Читаем Палка, палка, огуречик... полностью

А вскоре мы с изумлением обнаружили, что тоже теперь имеем прозвище. Одно на всех. Округа произвела нас в «учителя», хотя учительских семей поблизости проживало несколько, а в нашем доме на втором этаже обитала одинокая преподавательница английского с дочкой — будущей пожизненной подругой моей сестры.
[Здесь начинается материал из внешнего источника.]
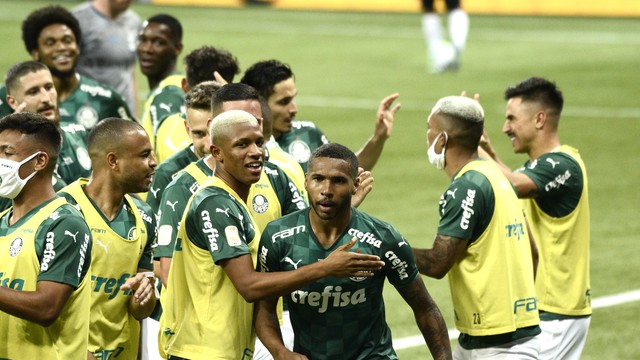 Wesley comemora o primeiro gol do Palmeiras na final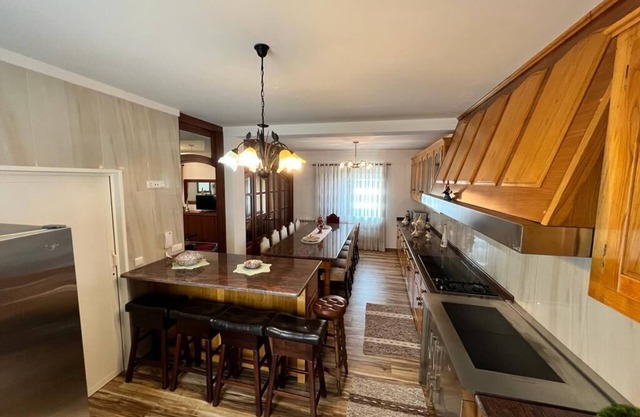 Stunning 4-Bed House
Ну, «учителя» так «учителя» — легко примирились мы с непреодолимым обстоятельством, все же кликуха могла быть гораздо хуже, в Арамили традиция давать клички и прозвища уходит корнями в ту далекую древность, когда на этой земле только-только появились первопоселенцы, среди коих преобладали беглые каторжники да расстриги-попы.

Скажете, эта традиция общероссийская? Возможно. Однако нам-то до сих пор приходилось жить в таких местах, где коренного населения почти что нет, а стало быть, и нет еще почвы для сколь-нибудь отчетливых традиций…
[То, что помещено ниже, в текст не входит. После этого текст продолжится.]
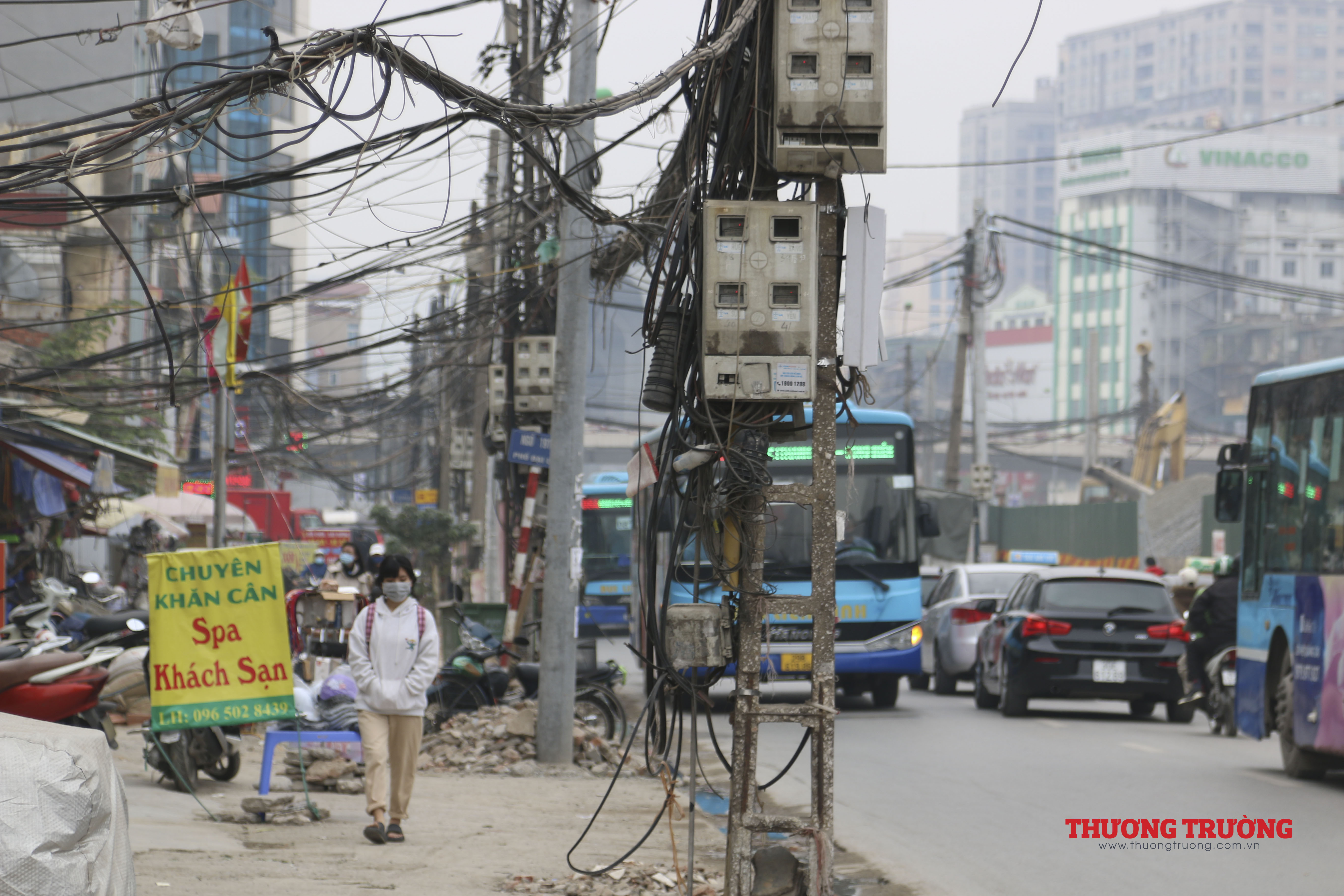 Hà Nội mạng nhện dây điện, cáp viễn thông bủa vây người đi đường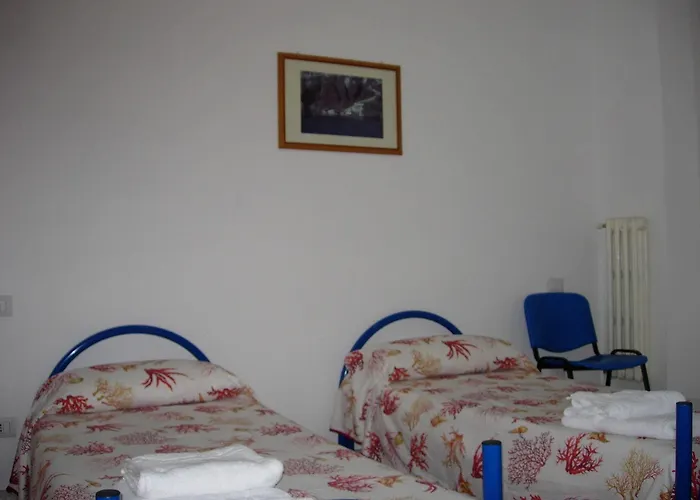 Foresteria Esercito Della Salvezza Auberge de jeunesse *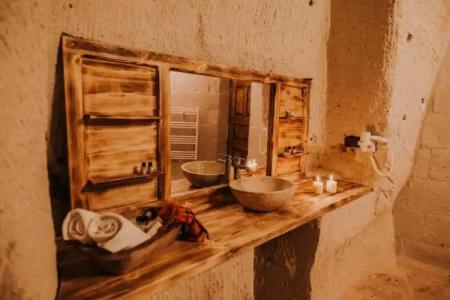 Zeus Cave Suites - 60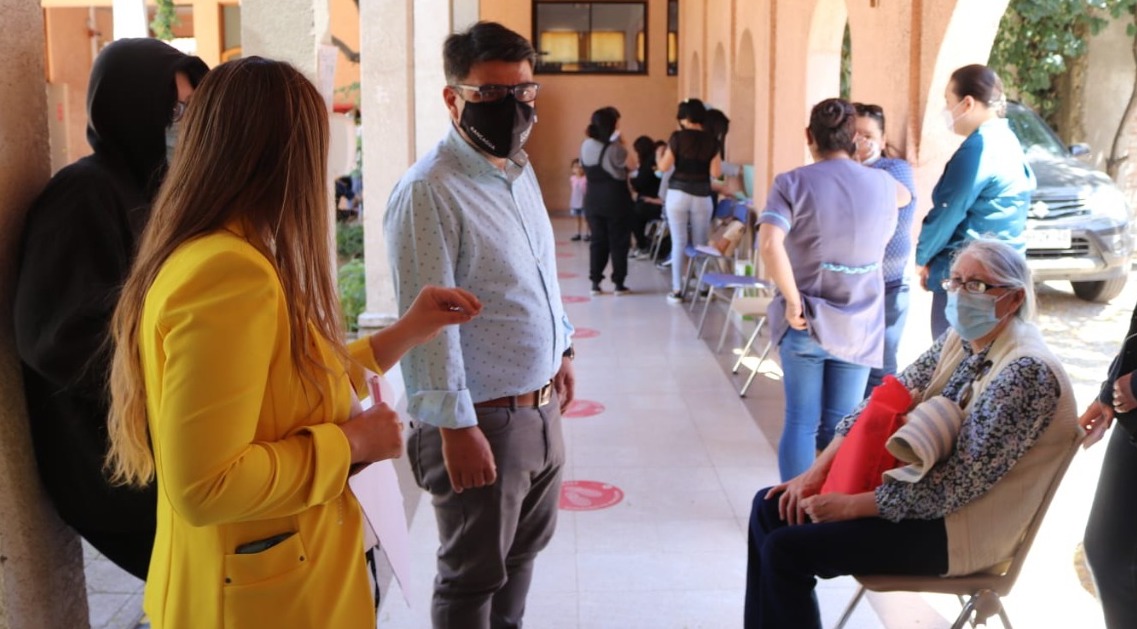 Alcalde Juan Ramón Godoy destaca convenio para atenciones médicas gratuitas a estudiantes municipales de Rancagua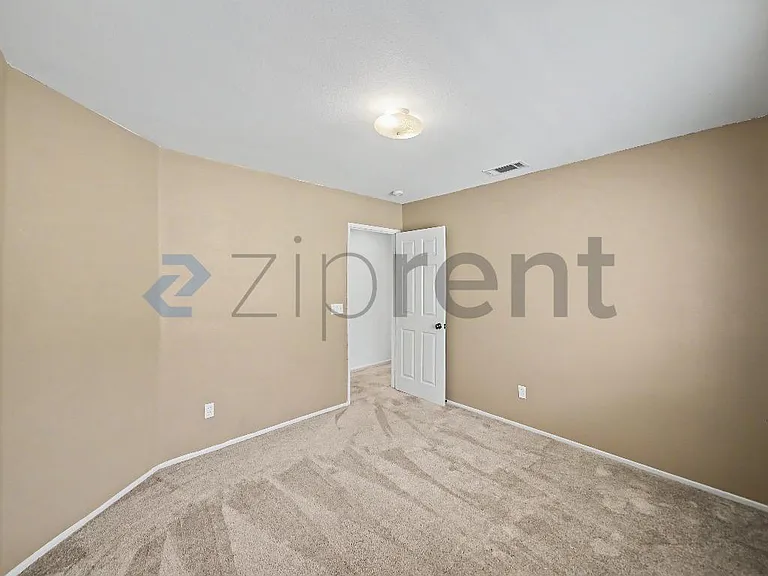 294 Kieswetter St — Photo 40
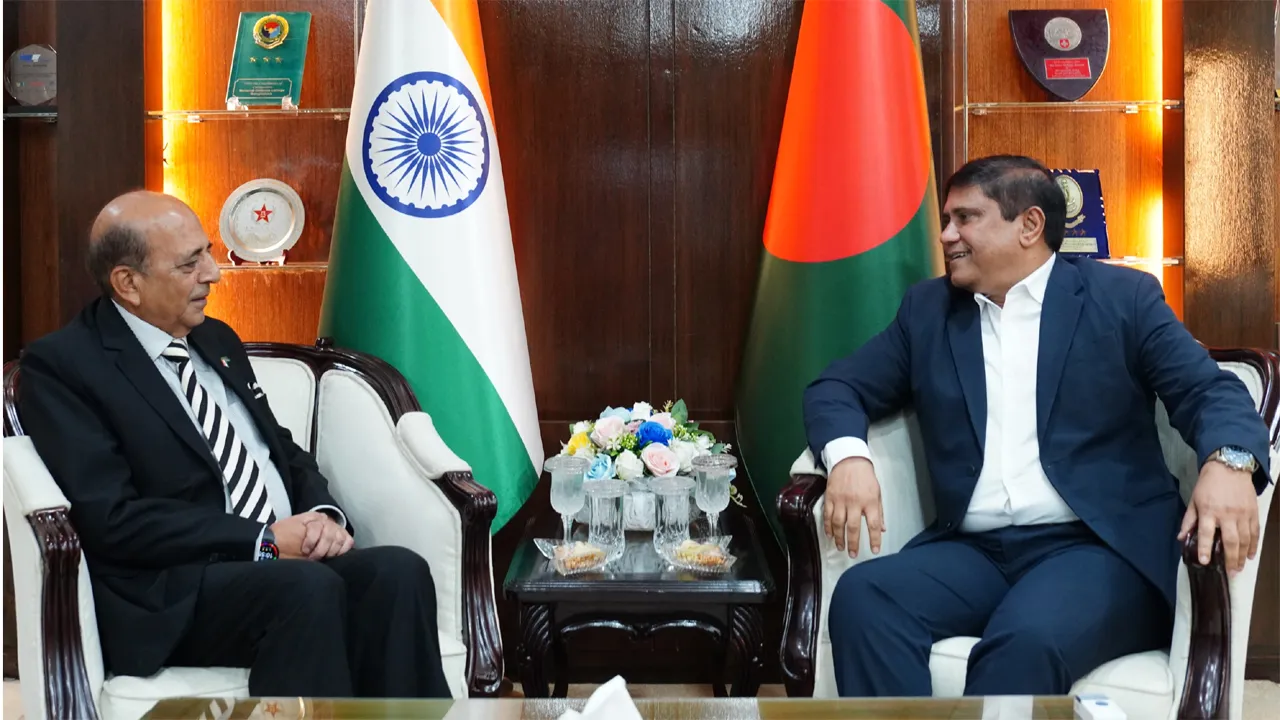 প্রধানমন্ত্রীর প্রতিরক্ষা উপদেষ্টার সাথে ভারতের হাইকমিশনারের সৌজন্য সাক্ষাৎ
Итак, начиная со второго полугодия третьего класса я стал ходить в ту же самую школу, куда ходили отец и сестра, правда, потом, в пятом классе, меня родители еще раз переместили, чтобы я обучался полноценному английскому вместо неполноценного французского, за что я потом, в институте, не вспомнил родителей добрым словом — «французы» начинали с азов, а нам, «англичанам», сразу стали задавать эти изнурительные, хорошо известные любому студенту «тыщи». И тем не менее я имею теперь такие знания иностранного языка, которые годятся лишь для чтения дурацких вывесок да понимания отдельных слов в голливудской стряпне, которая в общем-то понятна в подавляющем большинстве случаев и без слов…

И как раз в то время стала постепенно, но необратимо слабеть моя сердечная связь с бабушкой, прежде полновесно заменявшей мне и друзей, и коллектив, и родителей. Родителей-то она и дальше продолжала мне заменять, а вот приятелей и где-то даже друзей за короткое время у меня появилось множество — никогда прежде столько не было.
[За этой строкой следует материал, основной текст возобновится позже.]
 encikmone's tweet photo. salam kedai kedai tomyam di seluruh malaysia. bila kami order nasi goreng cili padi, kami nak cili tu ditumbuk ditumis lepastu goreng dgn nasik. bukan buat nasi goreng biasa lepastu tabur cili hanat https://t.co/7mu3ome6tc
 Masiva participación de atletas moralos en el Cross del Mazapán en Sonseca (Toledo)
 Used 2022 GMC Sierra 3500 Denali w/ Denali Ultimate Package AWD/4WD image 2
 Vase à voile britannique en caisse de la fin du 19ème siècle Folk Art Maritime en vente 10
Да и в квартире царило непривычное многолюдье — всегда кто-то в ней находился даже в рабочее время, всегда было с кем обсудить любую проблему, любой вопрос, волнующий пытливого ребенка.

Не работала Аля, потому что имела маленького ребенка, не работала тетя Феня, так как являлась инвалидом труда — откуда-то, работая на стройке, свалилась и повредилась головой, о чем имела специальную справку — самый верный аргумент в любом конфликте.

Хотя замечу: никаких припадков у тети Фени я ни разу не наблюдал, тогда как на головную боль она жаловалась постоянно и до сих пор жалуется, а ведь сейчас ей, пожалуй, около девяноста.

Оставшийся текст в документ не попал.